Abstract
A low-temperature (≤450 °C) crystallization path for the solution-derived lead zirconium titanate (PZT) thin-film, the first choice for high-density ferroelectric/piezoelectric nanodevices, has been sought for long but with limited success. In this work, we report on a facile route enabling the crystallization of PZT thin-films at 300–450 °C by using a novel solution-combustion-synthetic (SCS) approach. The SCS precursor solution consists of metal nitrates and organic fuels (tricine and/or urea) as oxidizing and reducing agents, respectively. The essential aspect of this route is that the single and intense exothermic combustion reaction between the oxidizer and fuels occurring at 234 °C provides high self-localized thermal energy, which allows for the efficient conversion of the amorphous metal-oxide gel framework into final crystallized oxides even at very low externally applied temperature.

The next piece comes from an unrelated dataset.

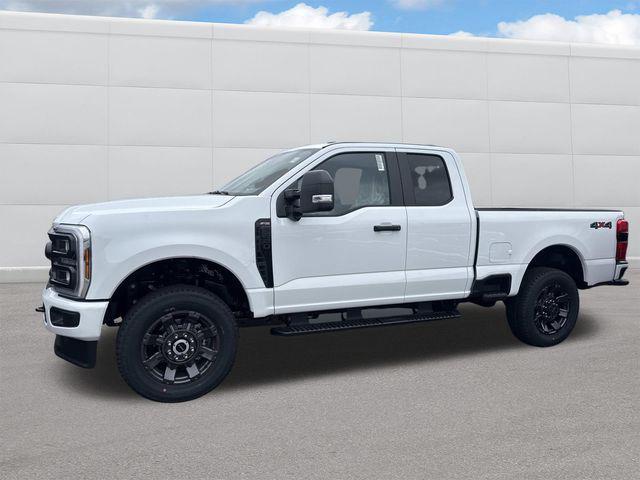 new 2026 Ford F-350 car, priced at $68,780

Effects of annealing conditions such as temperature and time are systematically investigated. At optimized conditions, high-quality PZT thin-films are achieved with pure perovskite phase, large remanent polarization (∼37 µC/cm2), and small leakage current (∼0.1 µA/cm2 at 600 kV/cm). Furthermore, an application of the developed low-temperature PZT film for the ferroelectric-gate memory transistor is demonstrated. The potential integration of low-temperature processed PZT layers with other active components may redefine the design concept of classical nano-microelectronic devices.
Highlights
Ferroelectric materials find applications in a variety of electronic and electromechanical devices
As a key parameter determining the efficiency of SCS reaction, the impact of the metal to fuel to oxidizer ratio on the thermal behavior of SCS solution was investigated by thermogravimetry (TG)-differential thermal analysis (DTA) (Fig. S3)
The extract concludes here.